Among the entries below, find the line with "Francesca’s Floral Lavender Blouse Size XS", then quote it and each following line up to and including the line with "camiseta-estampada-cuello-de-compania-fantastica", and nothing else.

*** DATA SHOWN ***

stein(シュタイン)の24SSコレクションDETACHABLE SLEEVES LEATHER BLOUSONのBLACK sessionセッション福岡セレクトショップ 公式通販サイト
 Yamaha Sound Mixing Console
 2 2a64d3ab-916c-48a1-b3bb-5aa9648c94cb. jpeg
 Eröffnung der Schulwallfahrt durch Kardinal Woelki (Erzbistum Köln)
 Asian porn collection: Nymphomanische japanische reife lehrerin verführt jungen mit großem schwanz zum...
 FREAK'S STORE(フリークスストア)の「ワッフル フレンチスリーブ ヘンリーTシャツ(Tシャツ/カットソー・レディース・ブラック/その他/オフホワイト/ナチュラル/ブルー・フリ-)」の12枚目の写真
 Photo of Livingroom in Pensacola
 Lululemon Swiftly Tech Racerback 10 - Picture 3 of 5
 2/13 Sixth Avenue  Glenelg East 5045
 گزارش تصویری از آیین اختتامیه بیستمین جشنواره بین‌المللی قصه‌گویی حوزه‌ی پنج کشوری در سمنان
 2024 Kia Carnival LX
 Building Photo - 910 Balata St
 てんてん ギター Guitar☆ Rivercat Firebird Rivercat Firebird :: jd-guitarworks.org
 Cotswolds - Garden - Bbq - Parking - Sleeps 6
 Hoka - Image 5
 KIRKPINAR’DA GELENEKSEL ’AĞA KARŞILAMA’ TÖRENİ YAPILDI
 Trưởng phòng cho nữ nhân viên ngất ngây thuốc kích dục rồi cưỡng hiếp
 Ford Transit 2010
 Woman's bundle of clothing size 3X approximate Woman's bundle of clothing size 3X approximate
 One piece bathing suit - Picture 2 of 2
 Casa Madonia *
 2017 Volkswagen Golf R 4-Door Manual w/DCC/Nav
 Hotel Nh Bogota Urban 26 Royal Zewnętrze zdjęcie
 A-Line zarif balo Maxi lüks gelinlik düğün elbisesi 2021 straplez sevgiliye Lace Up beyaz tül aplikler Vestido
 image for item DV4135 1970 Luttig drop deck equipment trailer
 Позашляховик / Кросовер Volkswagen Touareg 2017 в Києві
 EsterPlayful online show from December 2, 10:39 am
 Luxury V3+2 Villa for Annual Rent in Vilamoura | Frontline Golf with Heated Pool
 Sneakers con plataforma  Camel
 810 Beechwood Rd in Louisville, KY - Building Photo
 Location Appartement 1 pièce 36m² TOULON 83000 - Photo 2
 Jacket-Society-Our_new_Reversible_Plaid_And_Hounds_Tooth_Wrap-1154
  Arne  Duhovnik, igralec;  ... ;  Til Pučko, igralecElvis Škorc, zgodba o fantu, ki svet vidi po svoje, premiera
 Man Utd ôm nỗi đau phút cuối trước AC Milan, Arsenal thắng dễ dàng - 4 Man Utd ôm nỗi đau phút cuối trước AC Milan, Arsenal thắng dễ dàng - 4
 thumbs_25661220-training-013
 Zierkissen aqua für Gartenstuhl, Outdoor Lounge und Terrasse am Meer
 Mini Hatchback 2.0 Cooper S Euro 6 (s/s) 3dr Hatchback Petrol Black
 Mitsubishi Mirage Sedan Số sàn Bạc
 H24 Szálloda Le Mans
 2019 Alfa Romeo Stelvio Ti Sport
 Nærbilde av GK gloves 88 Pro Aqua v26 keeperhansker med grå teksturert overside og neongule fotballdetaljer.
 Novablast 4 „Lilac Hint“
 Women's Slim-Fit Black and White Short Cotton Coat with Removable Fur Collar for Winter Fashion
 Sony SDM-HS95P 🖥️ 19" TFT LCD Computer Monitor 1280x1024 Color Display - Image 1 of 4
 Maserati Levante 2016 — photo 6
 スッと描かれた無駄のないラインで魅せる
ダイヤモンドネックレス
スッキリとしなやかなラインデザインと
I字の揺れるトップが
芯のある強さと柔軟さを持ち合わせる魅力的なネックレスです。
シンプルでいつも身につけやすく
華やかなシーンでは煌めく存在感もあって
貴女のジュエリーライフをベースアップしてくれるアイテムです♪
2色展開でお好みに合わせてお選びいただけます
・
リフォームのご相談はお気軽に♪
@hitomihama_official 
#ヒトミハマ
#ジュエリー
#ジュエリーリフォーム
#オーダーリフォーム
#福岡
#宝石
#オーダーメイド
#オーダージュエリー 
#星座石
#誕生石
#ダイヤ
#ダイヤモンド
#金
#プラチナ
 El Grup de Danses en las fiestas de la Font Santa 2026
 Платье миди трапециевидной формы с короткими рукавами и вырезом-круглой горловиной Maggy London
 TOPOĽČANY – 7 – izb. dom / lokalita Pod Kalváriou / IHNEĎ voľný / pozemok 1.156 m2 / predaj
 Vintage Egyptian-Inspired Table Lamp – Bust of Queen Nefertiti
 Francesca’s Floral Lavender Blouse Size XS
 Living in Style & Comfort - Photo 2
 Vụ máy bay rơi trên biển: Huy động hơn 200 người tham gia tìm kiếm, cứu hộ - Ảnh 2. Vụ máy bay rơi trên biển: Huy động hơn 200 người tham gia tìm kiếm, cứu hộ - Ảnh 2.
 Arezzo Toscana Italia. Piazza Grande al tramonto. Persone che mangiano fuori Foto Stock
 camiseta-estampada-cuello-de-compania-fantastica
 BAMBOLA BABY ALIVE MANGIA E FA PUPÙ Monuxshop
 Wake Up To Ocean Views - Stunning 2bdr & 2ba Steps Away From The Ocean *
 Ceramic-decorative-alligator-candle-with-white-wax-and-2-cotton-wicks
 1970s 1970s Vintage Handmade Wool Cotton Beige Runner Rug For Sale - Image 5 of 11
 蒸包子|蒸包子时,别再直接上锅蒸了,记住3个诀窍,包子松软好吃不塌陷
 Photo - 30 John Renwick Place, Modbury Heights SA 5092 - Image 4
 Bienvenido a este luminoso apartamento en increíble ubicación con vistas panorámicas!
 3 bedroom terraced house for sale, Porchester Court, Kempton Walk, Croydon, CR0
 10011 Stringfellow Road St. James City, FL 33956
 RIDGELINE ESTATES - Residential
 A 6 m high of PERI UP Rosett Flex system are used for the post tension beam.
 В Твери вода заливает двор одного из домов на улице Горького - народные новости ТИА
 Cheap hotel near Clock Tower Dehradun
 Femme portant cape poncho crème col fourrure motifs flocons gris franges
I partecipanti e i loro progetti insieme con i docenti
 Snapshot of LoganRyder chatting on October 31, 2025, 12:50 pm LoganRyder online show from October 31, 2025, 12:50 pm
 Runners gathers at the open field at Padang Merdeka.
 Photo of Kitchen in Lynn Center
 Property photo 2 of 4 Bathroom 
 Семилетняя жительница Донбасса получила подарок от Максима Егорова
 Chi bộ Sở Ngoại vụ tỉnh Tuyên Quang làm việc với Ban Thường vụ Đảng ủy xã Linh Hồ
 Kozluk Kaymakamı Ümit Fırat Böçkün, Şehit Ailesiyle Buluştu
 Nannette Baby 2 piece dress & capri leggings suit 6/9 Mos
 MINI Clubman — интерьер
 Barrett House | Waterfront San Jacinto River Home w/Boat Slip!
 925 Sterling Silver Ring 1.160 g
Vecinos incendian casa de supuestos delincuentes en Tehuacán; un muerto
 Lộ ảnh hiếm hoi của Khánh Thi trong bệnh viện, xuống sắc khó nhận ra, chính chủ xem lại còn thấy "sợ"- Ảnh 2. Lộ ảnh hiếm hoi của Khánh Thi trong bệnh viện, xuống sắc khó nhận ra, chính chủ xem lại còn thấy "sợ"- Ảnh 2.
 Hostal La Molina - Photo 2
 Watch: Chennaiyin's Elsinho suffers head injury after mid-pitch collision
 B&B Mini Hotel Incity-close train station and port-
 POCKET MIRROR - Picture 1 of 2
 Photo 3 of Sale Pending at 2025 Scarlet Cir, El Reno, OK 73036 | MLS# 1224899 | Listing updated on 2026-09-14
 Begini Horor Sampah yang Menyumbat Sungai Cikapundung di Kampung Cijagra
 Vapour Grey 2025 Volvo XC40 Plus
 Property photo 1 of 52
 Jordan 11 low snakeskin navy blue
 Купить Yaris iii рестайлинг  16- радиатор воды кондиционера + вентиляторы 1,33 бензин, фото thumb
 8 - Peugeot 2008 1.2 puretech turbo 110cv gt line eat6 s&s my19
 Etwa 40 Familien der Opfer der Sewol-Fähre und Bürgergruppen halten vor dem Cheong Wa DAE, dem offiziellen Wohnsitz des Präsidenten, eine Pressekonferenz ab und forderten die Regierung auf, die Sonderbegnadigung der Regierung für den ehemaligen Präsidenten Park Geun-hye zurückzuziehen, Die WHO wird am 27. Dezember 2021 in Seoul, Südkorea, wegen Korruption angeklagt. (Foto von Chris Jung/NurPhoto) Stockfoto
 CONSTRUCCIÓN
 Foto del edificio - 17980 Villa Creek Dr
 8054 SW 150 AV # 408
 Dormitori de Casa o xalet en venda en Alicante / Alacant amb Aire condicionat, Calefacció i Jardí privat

*** End of DATA SHOWN ***

▸ EXERCISE SOLUTION
 Francesca’s Floral Lavender Blouse Size XS
 Living in Style & Comfort - Photo 2
 Vụ máy bay rơi trên biển: Huy động hơn 200 người tham gia tìm kiếm, cứu hộ - Ảnh 2. Vụ máy bay rơi trên biển: Huy động hơn 200 người tham gia tìm kiếm, cứu hộ - Ảnh 2.
 Arezzo Toscana Italia. Piazza Grande al tramonto. Persone che mangiano fuori Foto Stock
 camiseta-estampada-cuello-de-compania-fantastica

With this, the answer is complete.